Somalian human rights activist

Zahra Mohamed Ahmad (born 1952) is a Somalian human rights activist and lawyer. She is the founder of the Somali Women Development Center. She was awarded the International Women of Courage Award in 2021.

==Personal life==
Ahmad was born in 1952 and had seven
siblings. Her father was a police officer.

Ahmad became the deputy manager of the customs at Mogadishu Airport. She was married to a former airforce and commercial pilot General Mohamud Sheikh Ali and they had five children. In 1991 the structure of Somalia broke down and there was civil unrest. In the following year she and her family left, with regret, for Tanzania. They lived there until 2000. Somalia was still not a good place to live but Ahmed and her family moved back to help with the rebuilding.

== Career and education ==
She went to work encouraging schools to reopen and war lords to give up violence. The organisation she formed was called HINNA. Later, in 2000, she founded and led the Somali Women Development Center (SWDC) in Mogadishu.

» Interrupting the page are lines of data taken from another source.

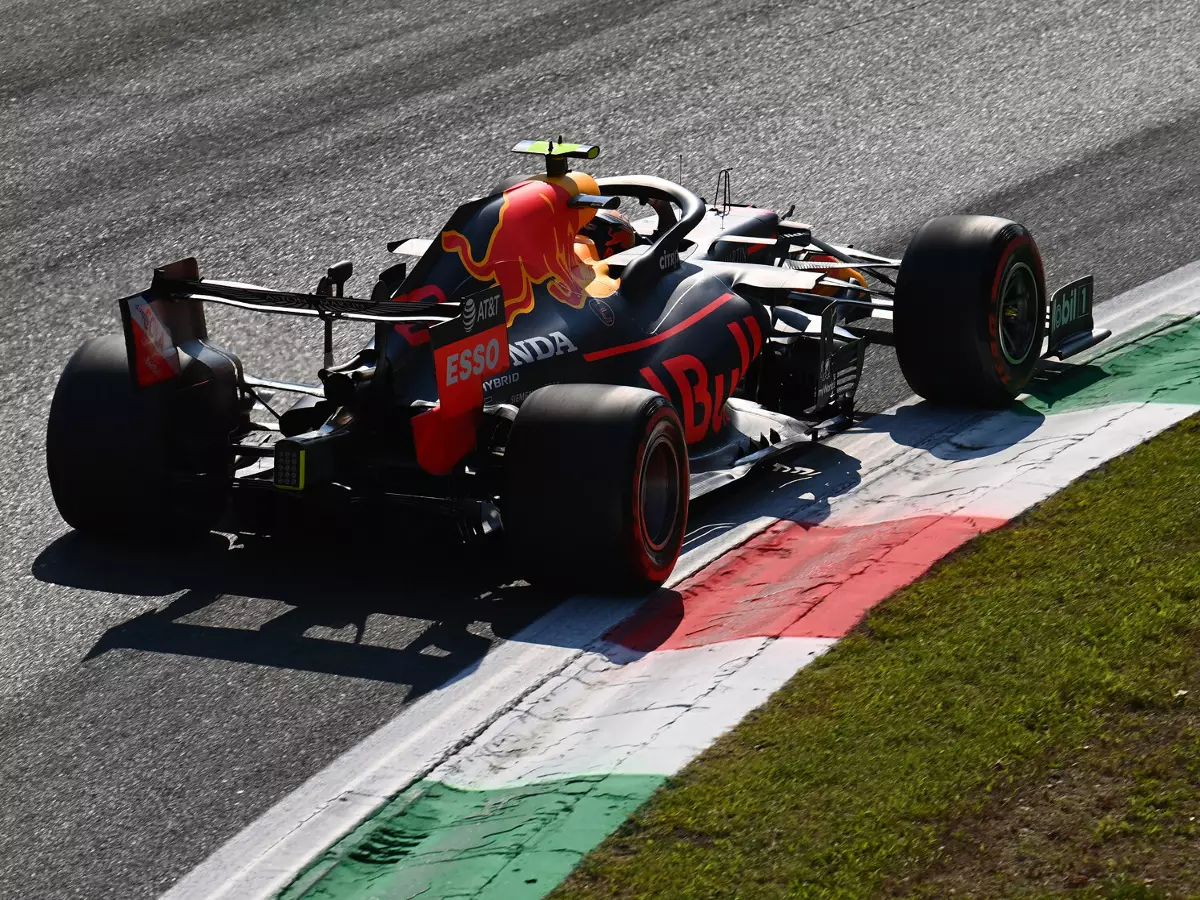 Foto zur News: Red-Bull-Teamchef wird konkret: Das ist Albons Problem mit dem RB16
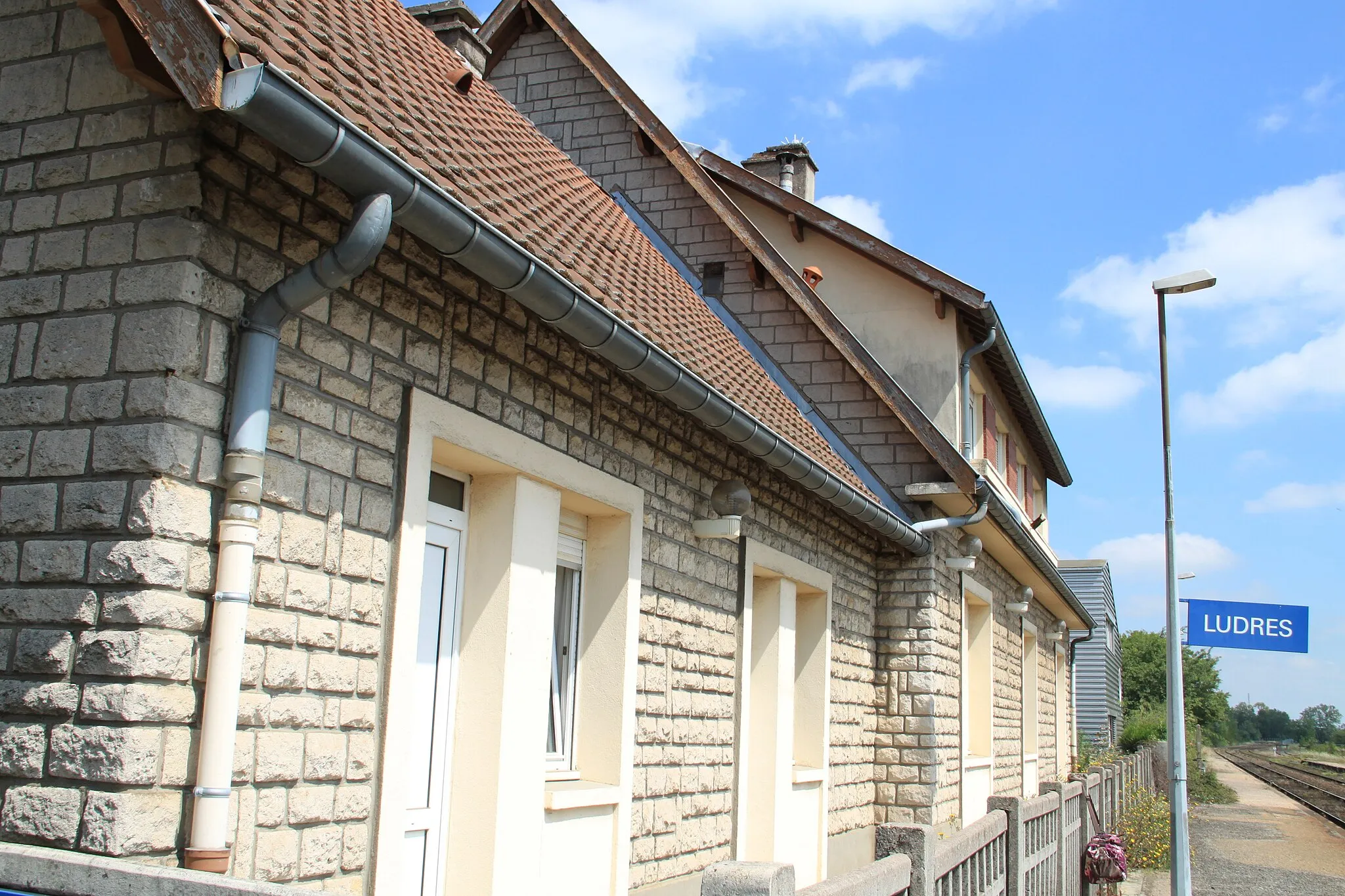 Photo showing: Ludres Train station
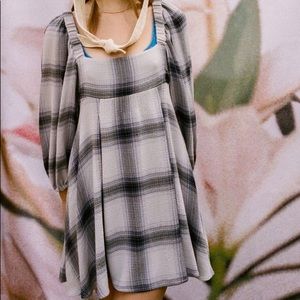 🍦 UO LACHLAN DRESS 🍦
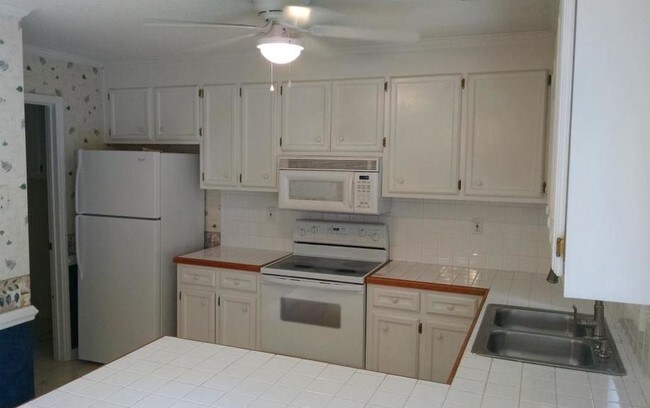 Photo - 3917 Sterling Pointe Dr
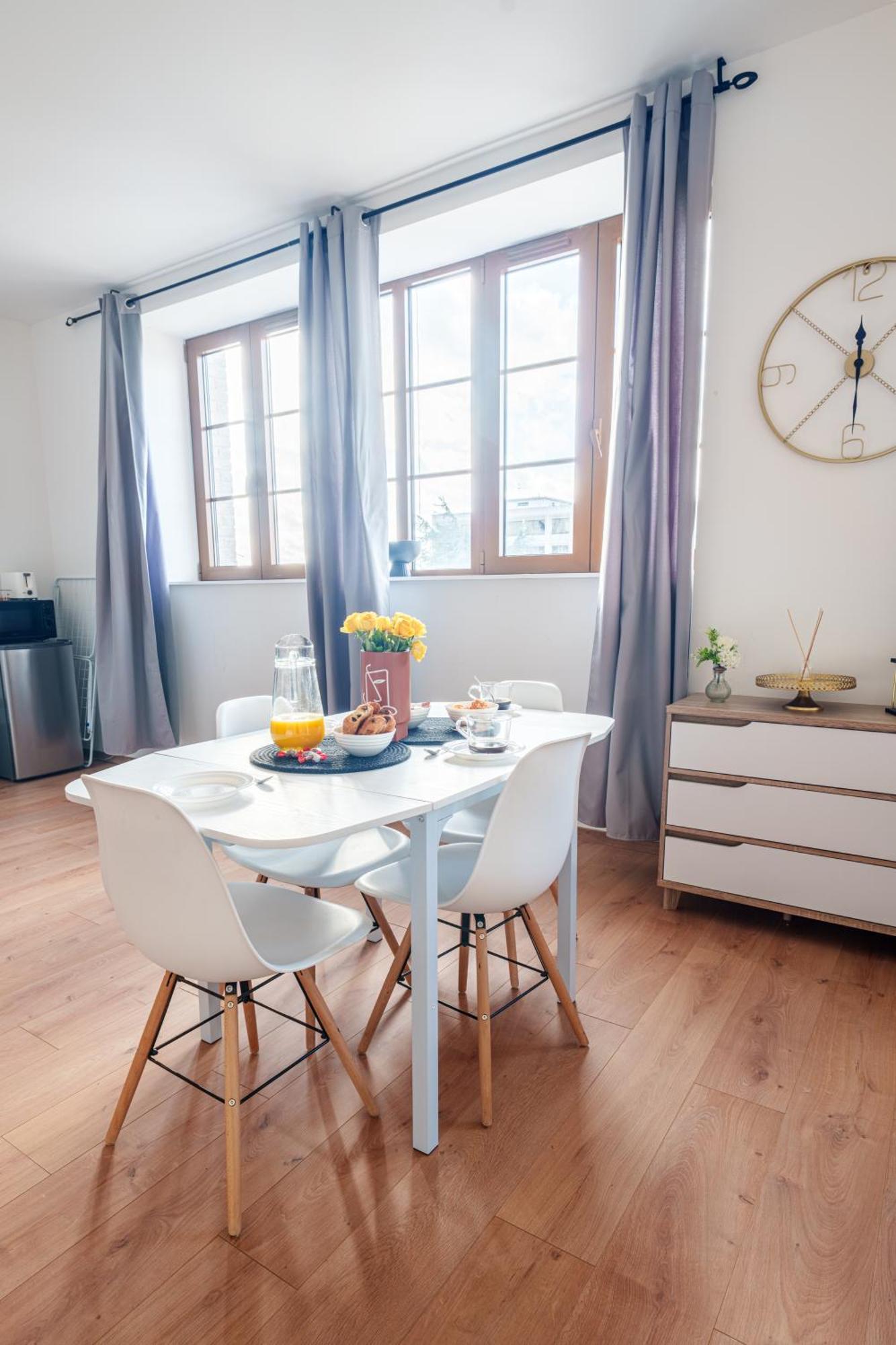 Appartamento Le Fleur De Cerisier - Zmn Conciergerie Saint-Quentin  Esterno foto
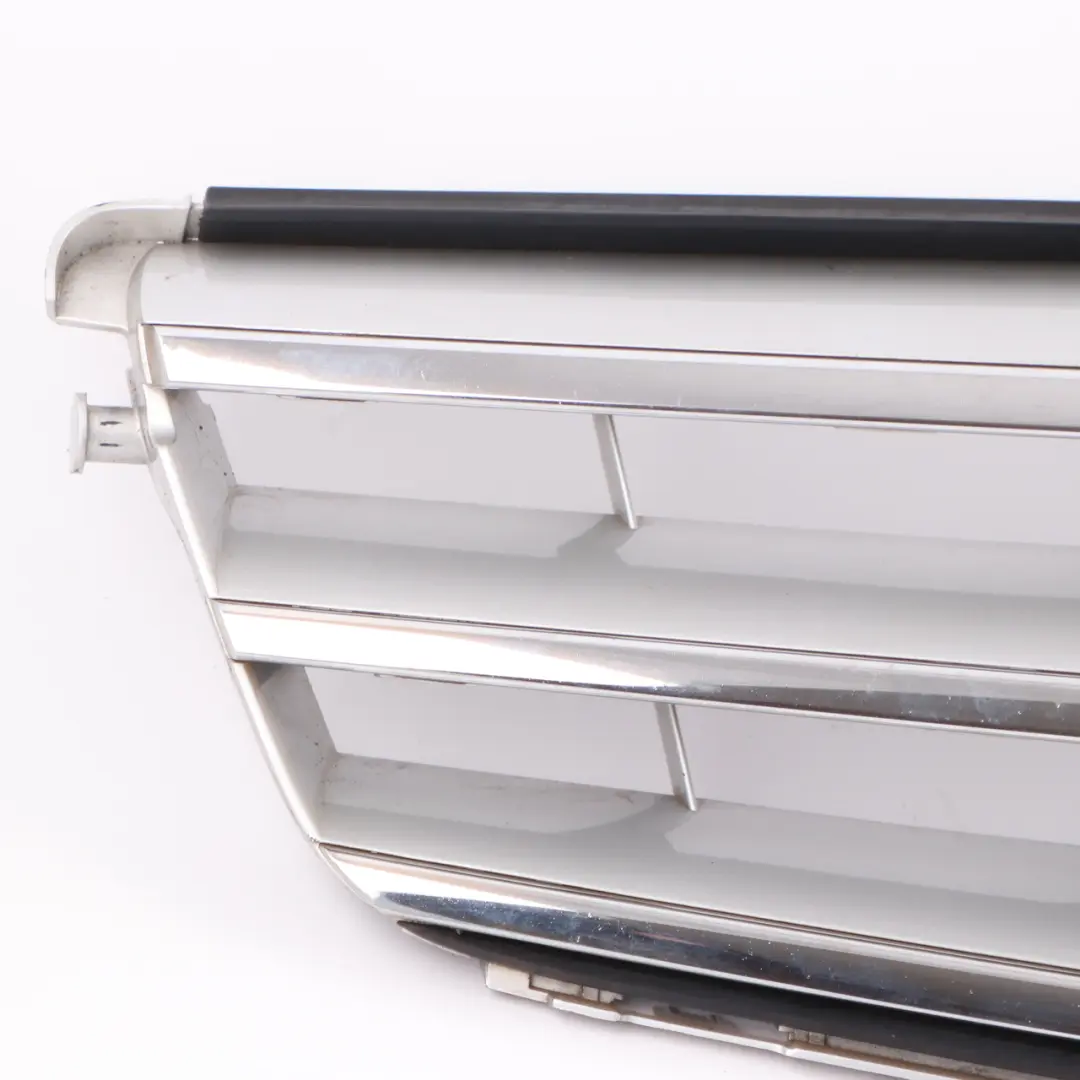 Mercedes W204 Capó Rejilla Delantera Radiador Beam Plata Cromo - SKU A2048800023 - Número de pieza A2048800023
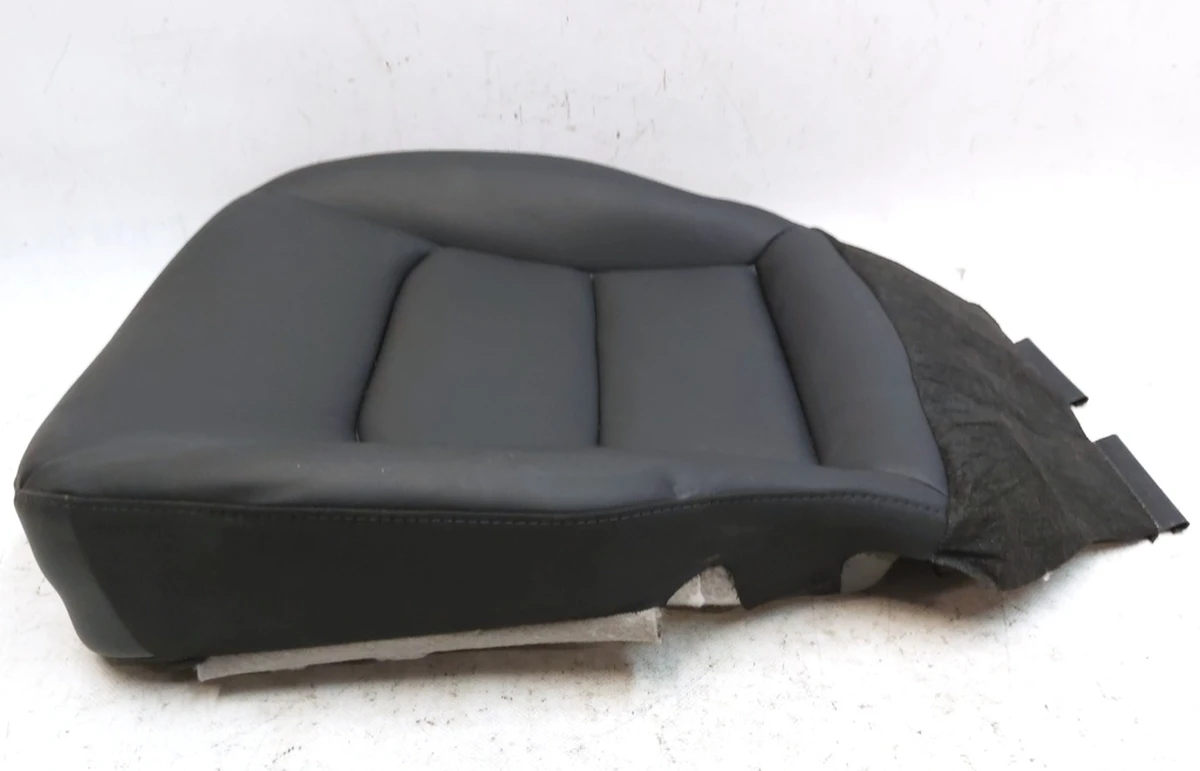 8 M3 1R RH SC TRIM ASY RHD PUR BLK complete with filler Tesla model 3, model Y 1456943-99-E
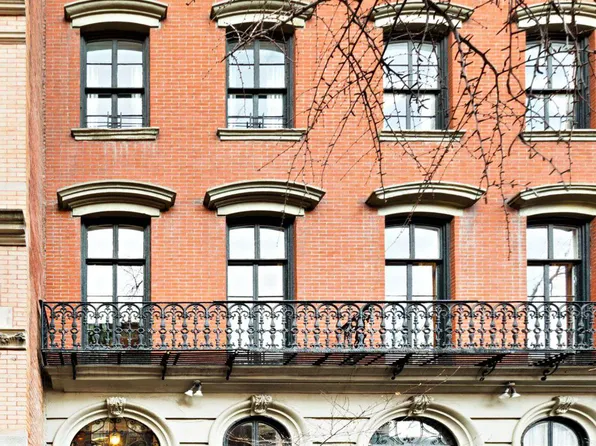 123 East 10th Street image 1 of 15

In 2005 she returned to university to gain a degree in International and Sharia Law at Somalia University. They support women who are on remand or on trial and the survivors of sexual violence. The SWDC also report on abuse and violence in Somalia. The SWDC provides legal assistance and she is the main legal advisor. Her organisation's workers were harassed and threatened, her only son has died and she was also at risk. In 2013 two of SWDC's other lawyers were killed in an attack on Mogadishu's courthouse in which 27 other people died and 60 were wounded.

Her organisation established the Ceebla Crisis Line 5555. The line offers support in both Somali and English to those women who are involved with violence and abuse. The line had support from Lydia Wanyoto who was Head of the African Union Mission to Somalia and Somalia's first lady, Zahra Omar Hassan.

== Recognition ==
Ahmad was nominated by the US Ambassador to Somalia, Donald Yamamoto, and she was awarded the International Women of Courage Award in 2021. The award was presented virtually by the First Lady Jill Biden and the Secretary of State Antony Blinken on International Women's Day. There were fourteen living women given awards that year. The awardees were from fifteen countries as the 2021 awards included an extra seven women who had died in Afghanistan.